→ **EXTRACTED RECORDS**
-=-=-
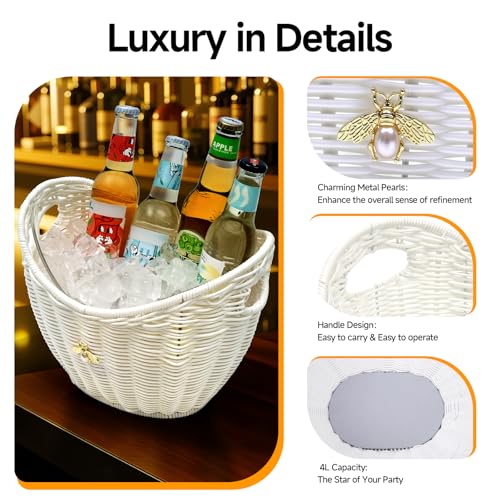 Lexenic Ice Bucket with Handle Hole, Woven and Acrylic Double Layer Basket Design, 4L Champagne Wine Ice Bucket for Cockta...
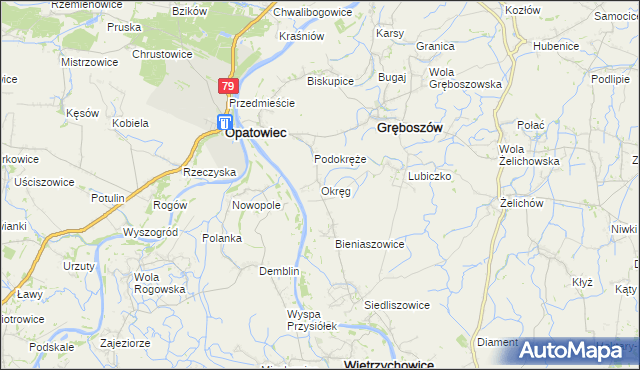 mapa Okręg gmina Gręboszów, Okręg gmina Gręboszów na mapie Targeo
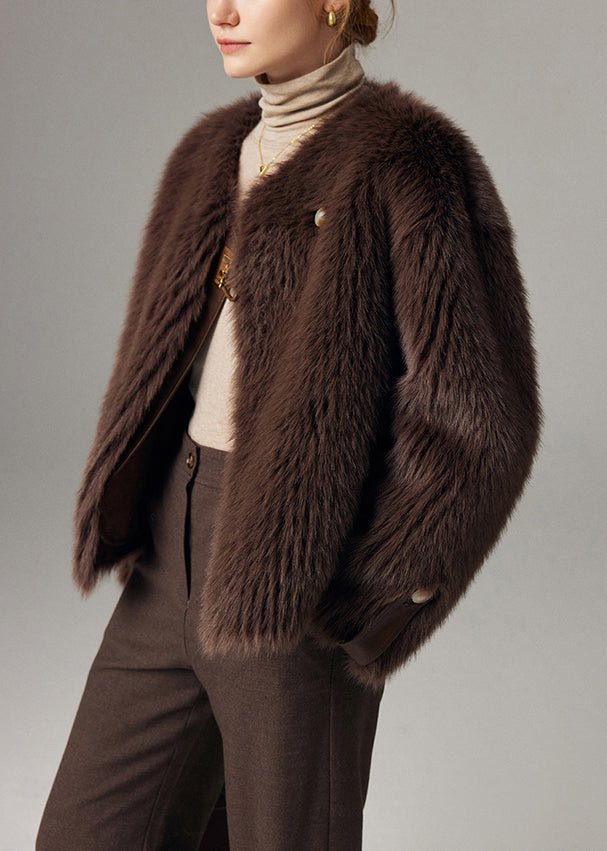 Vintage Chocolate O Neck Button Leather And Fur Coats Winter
-=-=-
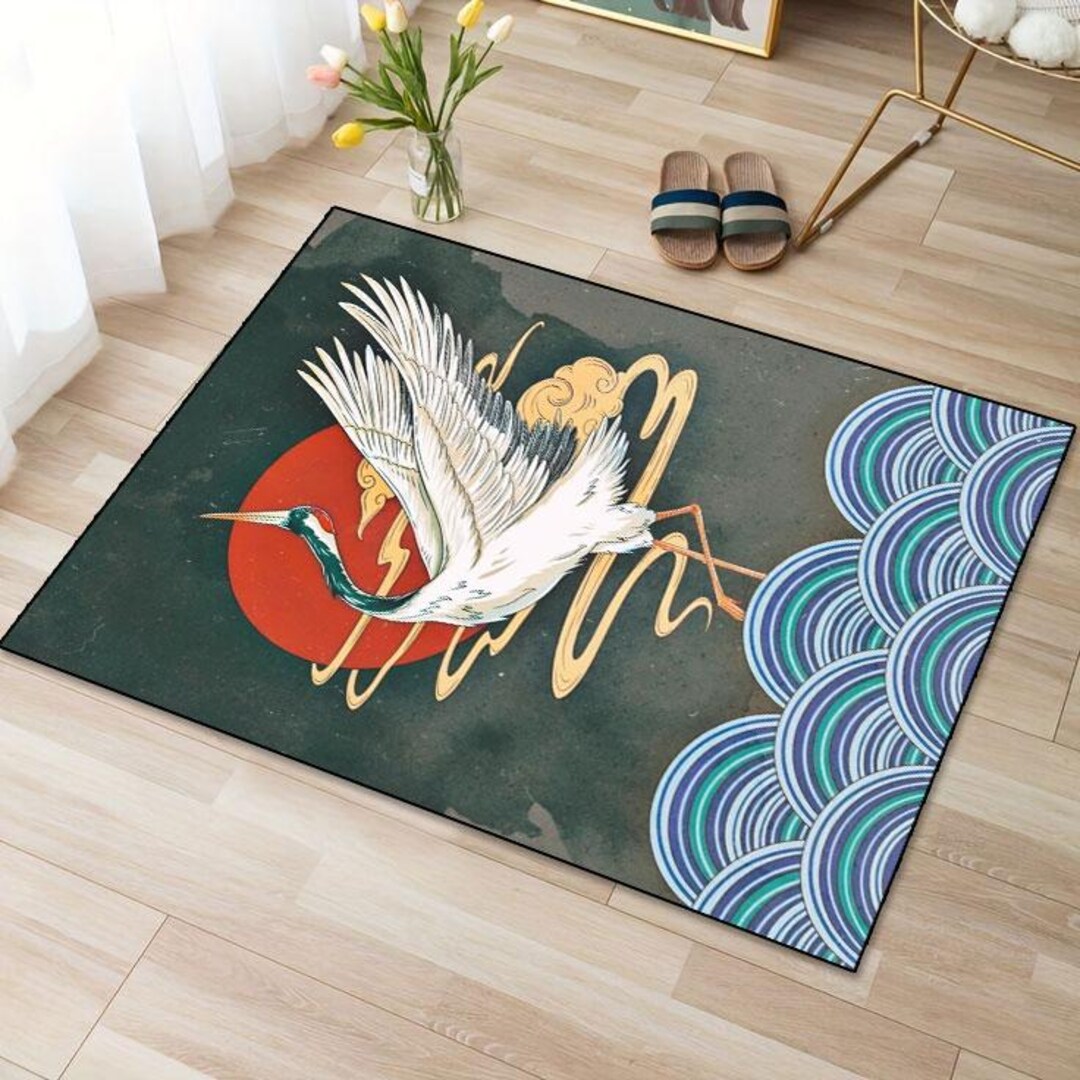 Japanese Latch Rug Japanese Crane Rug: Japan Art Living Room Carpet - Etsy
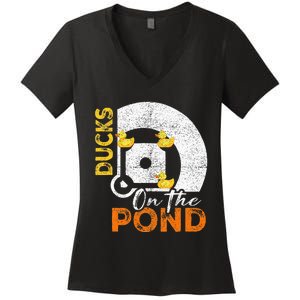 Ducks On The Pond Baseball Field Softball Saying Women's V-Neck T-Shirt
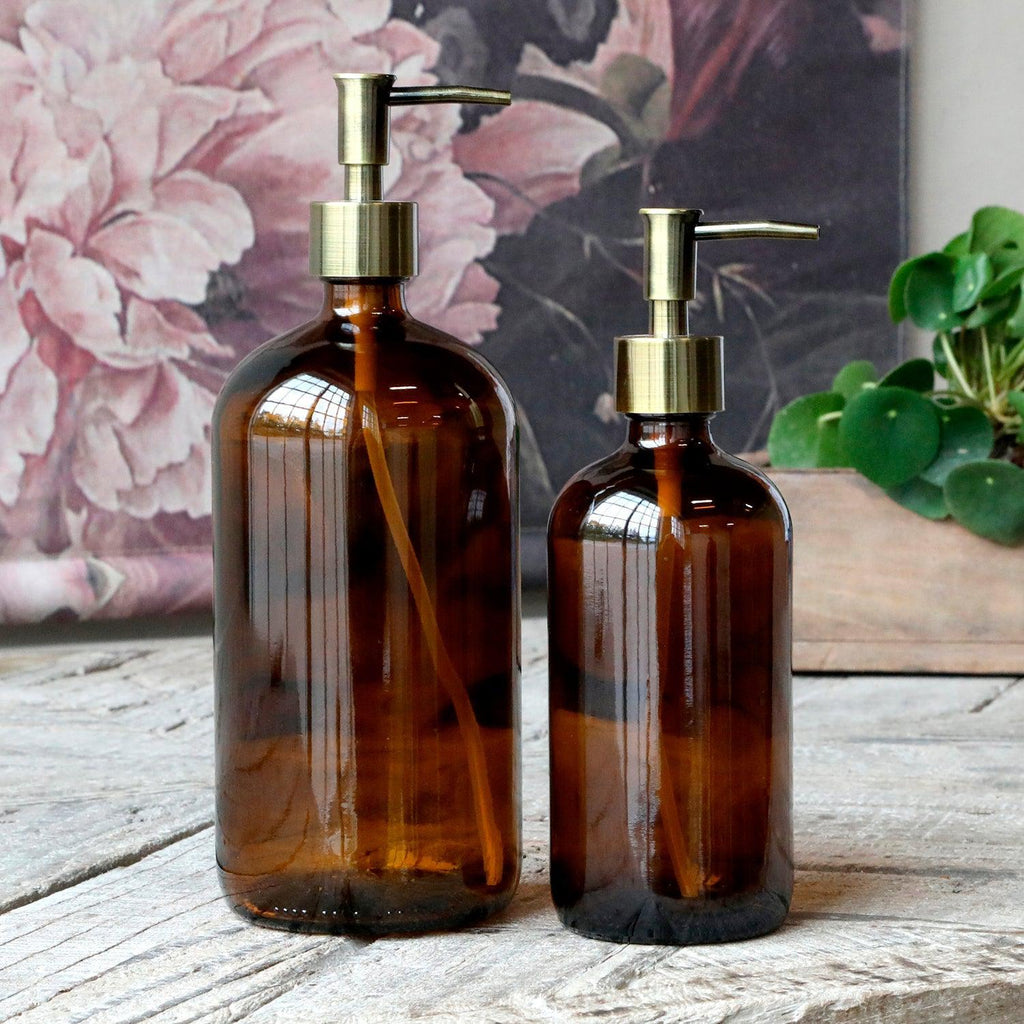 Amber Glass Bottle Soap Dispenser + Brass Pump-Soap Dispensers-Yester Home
-=-=-
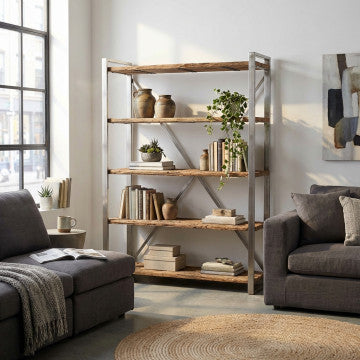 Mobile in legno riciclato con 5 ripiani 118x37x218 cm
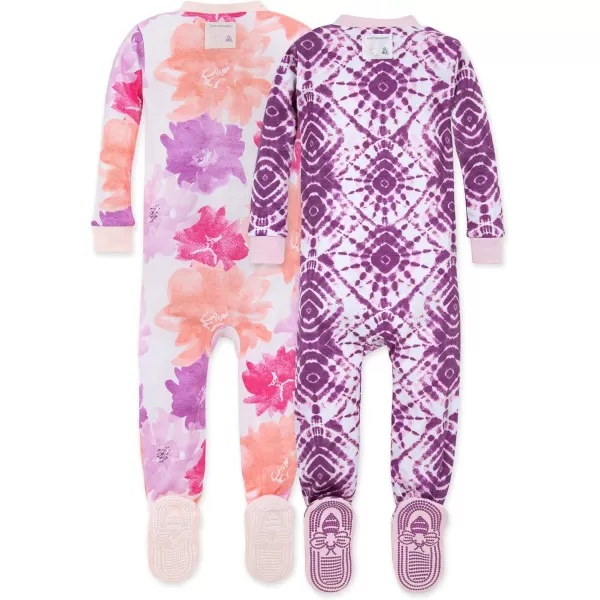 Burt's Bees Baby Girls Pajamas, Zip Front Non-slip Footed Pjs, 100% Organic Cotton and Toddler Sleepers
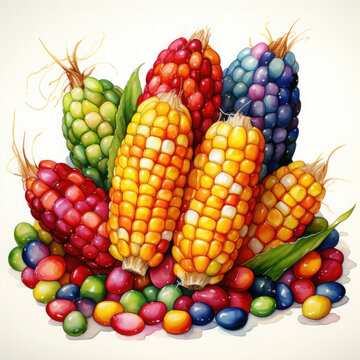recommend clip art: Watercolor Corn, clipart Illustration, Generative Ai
-=-=-
→ **PROBLEM TO SOLVE**
Repeat exactly the lines above, beginning at the one containing "Burt's Bees Baby" and ending at the one containing "recommend clip art: Watercolor". Do not carry over any pictures.

→ **TASK RESULT**
 Burt's Bees Baby Girls Pajamas, Zip Front Non-slip Footed Pjs, 100% Organic Cotton and Toddler Sleepers
recommend clip art: Watercolor Corn, clipart Illustration, Generative Ai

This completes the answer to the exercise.